What exactly are the States losing from this legislation? In actual fact, if the judgments of the High Court of Australia and the opinions of eminent people in the field like Professor O'Connell are taken into account, the States have no jurisdiction beyond the low water mark. The Commonwealth is asserting its rights in this area. Previous arrangements made by the States under the Petroleum (Submerged Lands) Act, the legislation introduced by the previous Government, still remain and are protected by this legislation. The mining code which is set out in this Bill is an inevitable consequence of the determination of sovereignty. Naturally, in the very unlikely event that sovereignty were not determined in favour of the Commonwealth, the mining code would be meaningless. But if this legislation did not introduce such a mining code, then at such time in the future as this matter of sovereignty were determined the Commonwealth would have to introduce legislation to introduce such a mining code.

The purpose of this legislation is to bring this whole question to a conclusion in the interests not just of this Commonwealth Government as against the interests of the States but in the interests of the people of Australia, because it is only by this Commonwealth Parliament that this matter can be determined. I pay a tribute to the right honourable member for Higgins, the honourable member for Moreton (Mr Killen) and other members of the Liberal Party who have fought in their own Party for the principles enshrined in their previous legislation and the principles enshrined in this Bill. I know that some of them may disagree with some aspects of the legislation. Some of their views have already been expressed in the debate.
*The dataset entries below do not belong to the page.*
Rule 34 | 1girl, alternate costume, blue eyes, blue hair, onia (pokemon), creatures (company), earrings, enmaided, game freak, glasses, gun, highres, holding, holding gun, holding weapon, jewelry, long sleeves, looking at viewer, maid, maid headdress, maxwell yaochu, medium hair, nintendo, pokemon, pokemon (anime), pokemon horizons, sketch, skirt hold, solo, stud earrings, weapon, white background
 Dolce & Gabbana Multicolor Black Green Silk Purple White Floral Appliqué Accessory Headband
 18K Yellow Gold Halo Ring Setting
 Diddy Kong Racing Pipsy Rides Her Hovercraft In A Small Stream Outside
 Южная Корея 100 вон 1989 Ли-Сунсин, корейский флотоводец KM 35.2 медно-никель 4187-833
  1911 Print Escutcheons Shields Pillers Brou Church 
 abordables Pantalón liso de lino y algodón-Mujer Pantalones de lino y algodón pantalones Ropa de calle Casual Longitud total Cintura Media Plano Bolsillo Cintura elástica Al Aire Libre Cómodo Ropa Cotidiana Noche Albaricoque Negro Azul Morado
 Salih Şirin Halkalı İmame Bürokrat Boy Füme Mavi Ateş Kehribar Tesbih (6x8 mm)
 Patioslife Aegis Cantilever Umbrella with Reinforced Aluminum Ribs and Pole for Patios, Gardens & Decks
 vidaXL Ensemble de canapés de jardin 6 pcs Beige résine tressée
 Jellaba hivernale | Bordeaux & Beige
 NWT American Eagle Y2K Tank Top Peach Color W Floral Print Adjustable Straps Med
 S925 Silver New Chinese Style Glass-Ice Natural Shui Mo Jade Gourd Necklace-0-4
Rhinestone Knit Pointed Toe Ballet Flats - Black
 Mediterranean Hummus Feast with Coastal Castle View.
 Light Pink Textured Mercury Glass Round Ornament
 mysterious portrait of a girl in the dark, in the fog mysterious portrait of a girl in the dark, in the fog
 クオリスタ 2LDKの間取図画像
But the principle still remains that the Commonwealth is taking action in an area in which the previous Government sought to take action and in which it was unsuccessful, in part, because of opposition from the States and I think in part because of division in its own ranks. The Austraiian Labor Party is united on this matter in this Parliament. Of course, some of our State colleagues do not agree with us on this matter. We consider that this Bill correctly interprets the law as it now stands, given the developments in the law of the sea. When the determinations of the High Court of Australia are made, I would think that the States will realise that, instead of there being an attack on State rights, under the developments which then take place this legislation will actually confer a benefit on the States, because it confers a benefit on all the people of Australia. For that reason I support the Bill.